INSTRUCTIONS FOR THE TASK:
Down to the last line, print the entries below exactly, and keep every picture out of the copy.

DATA FOR ANALYSIS:
◇ ◇ ◇

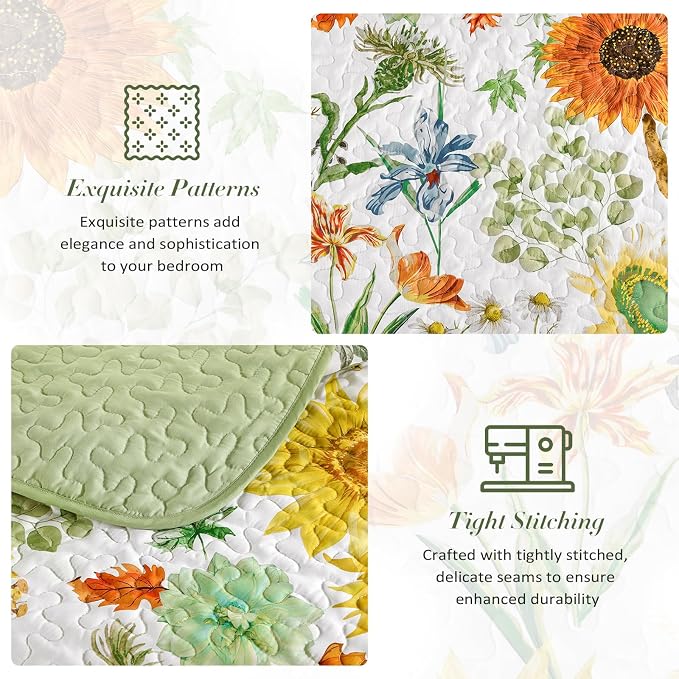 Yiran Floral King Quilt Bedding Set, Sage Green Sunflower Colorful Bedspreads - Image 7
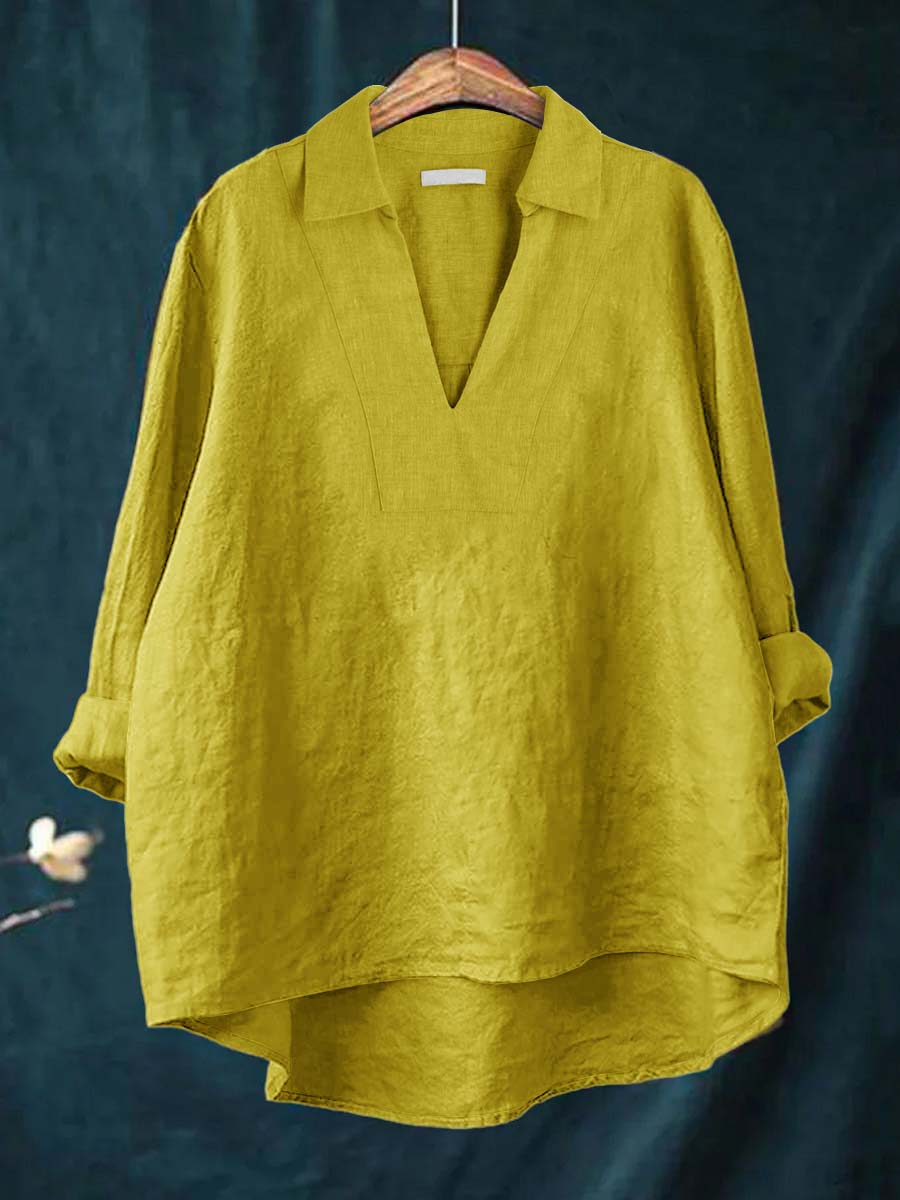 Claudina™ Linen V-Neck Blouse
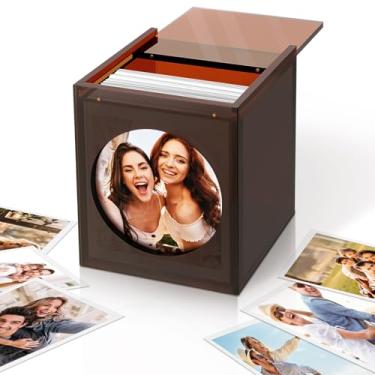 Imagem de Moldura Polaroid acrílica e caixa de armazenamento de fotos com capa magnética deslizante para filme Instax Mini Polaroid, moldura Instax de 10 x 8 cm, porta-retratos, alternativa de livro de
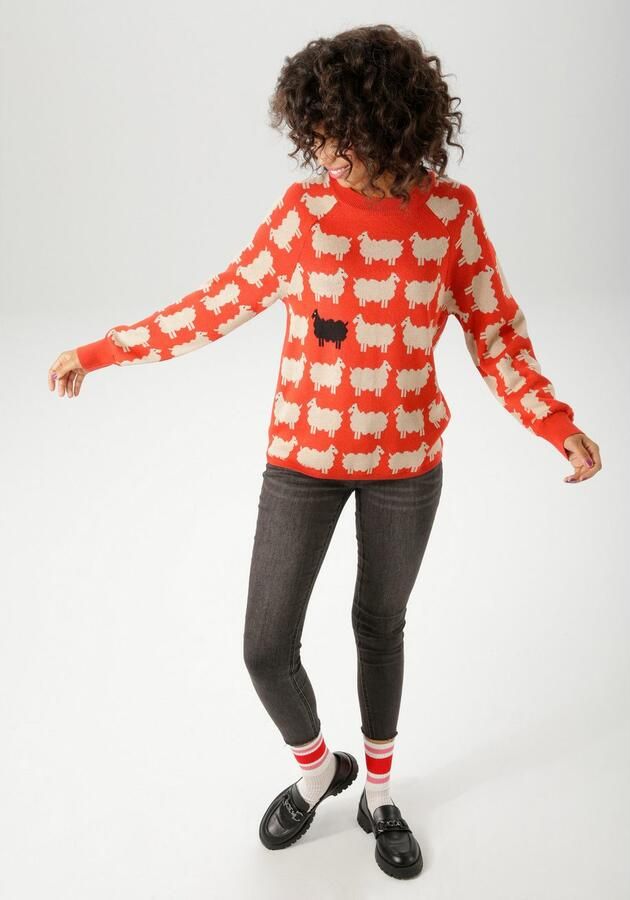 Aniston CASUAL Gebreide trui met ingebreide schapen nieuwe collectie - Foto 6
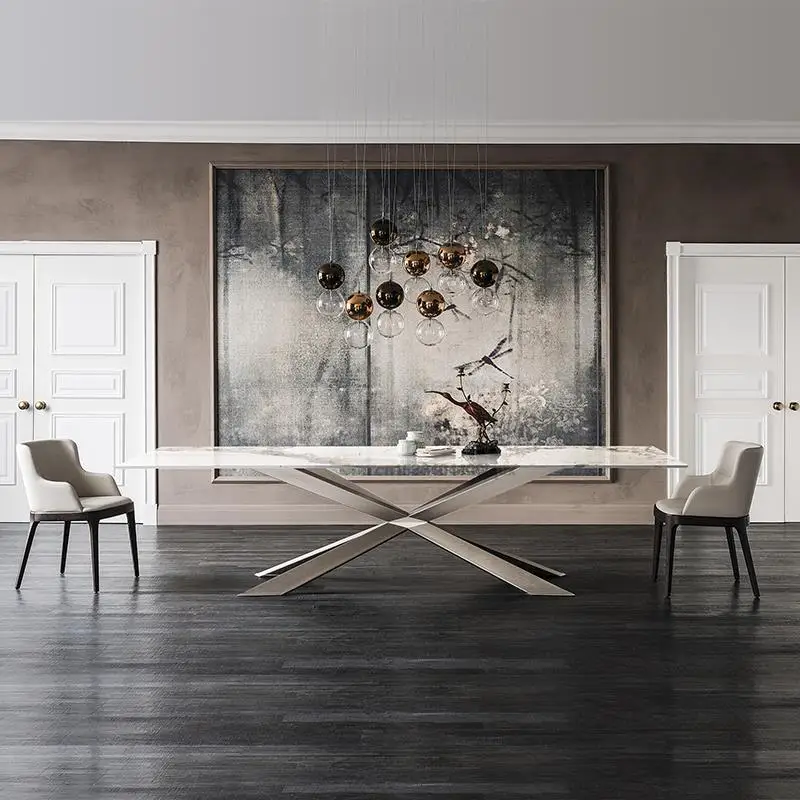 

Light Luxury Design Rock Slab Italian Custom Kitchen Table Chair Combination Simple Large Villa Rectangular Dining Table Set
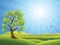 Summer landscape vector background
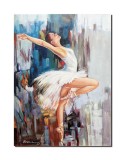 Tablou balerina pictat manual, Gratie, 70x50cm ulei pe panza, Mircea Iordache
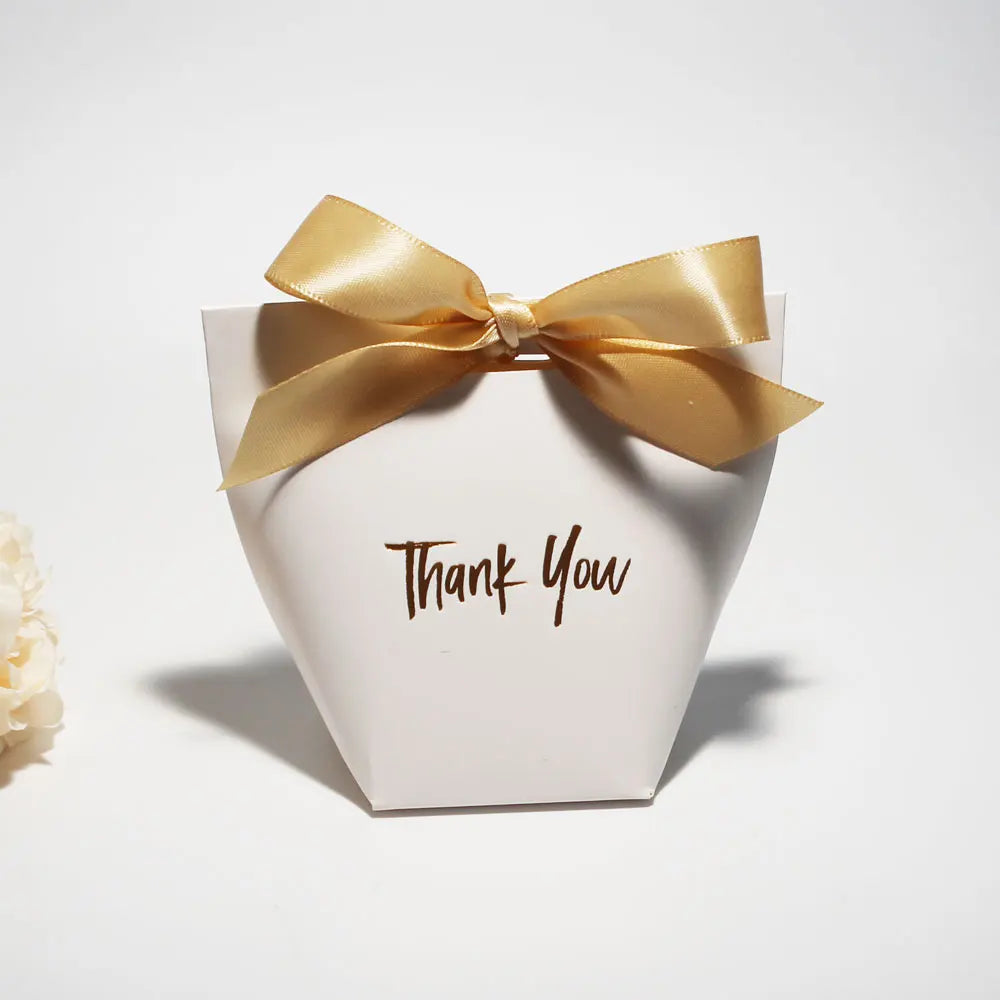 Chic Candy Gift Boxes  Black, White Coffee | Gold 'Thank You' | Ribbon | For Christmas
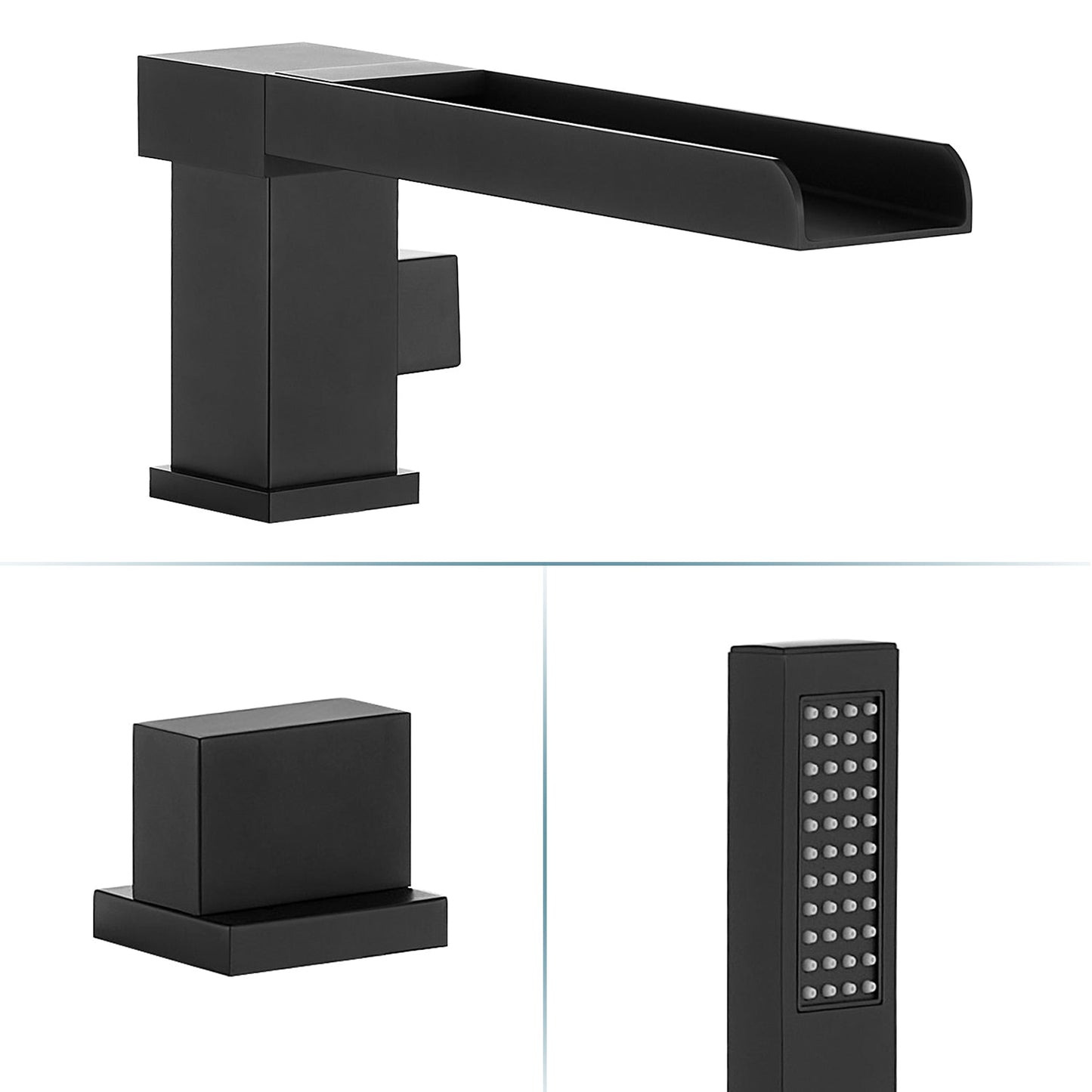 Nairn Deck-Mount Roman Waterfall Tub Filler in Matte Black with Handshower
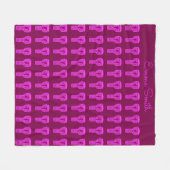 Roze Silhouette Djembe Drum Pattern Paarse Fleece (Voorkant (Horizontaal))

◇ ◇ ◇

FINISHED EXERCISE:
 Yiran Floral King Quilt Bedding Set, Sage Green Sunflower Colorful Bedspreads - Image 7
 Claudina™ Linen V-Neck Blouse
 Imagem de Moldura Polaroid acrílica e caixa de armazenamento de fotos com capa magnética deslizante para filme Instax Mini Polaroid, moldura Instax de 10 x 8 cm, porta-retratos, alternativa de livro de
 Aniston CASUAL Gebreide trui met ingebreide schapen nieuwe collectie - Foto 6

Light Luxury Design Rock Slab Italian Custom Kitchen Table Chair Combination Simple Large Villa Rectangular Dining Table Set
 Summer landscape vector background
 Tablou balerina pictat manual, Gratie, 70x50cm ulei pe panza, Mircea Iordache
 Chic Candy Gift Boxes  Black, White Coffee | Gold 'Thank You' | Ribbon | For Christmas
 Nairn Deck-Mount Roman Waterfall Tub Filler in Matte Black with Handshower
 Roze Silhouette Djembe Drum Pattern Paarse Fleece (Voorkant (Horizontaal))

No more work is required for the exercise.